Nor to warfare, unless they voluntarily undertake it.
Upon this ground, a man that is commanded as a soldier to fight against the enemy, though his sovereign have right enough to punish his refusal with death, may nevertheless in many cases refuse, without injustice; as when he substituteth a sufficient soldier in his place: for in this case he deserteth not the service of the commonwealth. And there is allowance to be made for natural timorousness; not only to women, of whom no such dangerous duty is expected, but also to men of feminine courage. When armies fight, there is on one side, or both, a running away; yet when they do it not out of treachery, but fear, they are not esteemed to do it unjustly, but dishonourably. For the same reason, to avoid battle, is not injustice, but cowardice. But he that inrolleth himself a soldier, or taketh imprest money, taketh away the excuse of a timorous nature; and is obliged, not only to go to the battle, but also not to run from it, without his captain’s leave. And when the defence of the commonwealth, requireth at once the help of all that are able to bear arms, every one is obliged; because otherwise the institution of the commonwealth, which they have not the purpose, or courage to preserve, was in vain.

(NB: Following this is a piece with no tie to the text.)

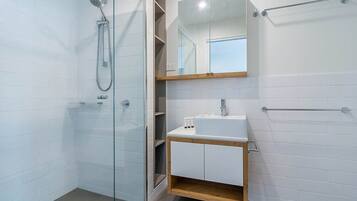 Studio | Bathroom | Shower, free toiletries, hair dryer, towels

To resist the sword of the commonwealth, in defence of another man, guilty, or innocent, no man hath liberty; because such liberty, takes away from the sovereign, the means of protecting us; and is therefore destructive of the very essence of government. But in case a great many men together, have already resisted the sovereign power unjustly, or committed some capital crime, for which every one of them expecteth death, whether have they not the liberty then to join together, and assist, and defend one another? Certainly they have: for they but defend their lives, which the guilty man may as well do, as the innocent. There was indeed injustice in the first breach of their duty; their bearing of arms subsequent to it, though it be to maintain what they have done, is no new unjust act. And if it be only to defend their persons, it is not unjust at all. But the offer of pardon taketh from them, to whom it is offered, the plea of self-defence, and maketh their perseverance in assisting, or defending the rest, unlawful.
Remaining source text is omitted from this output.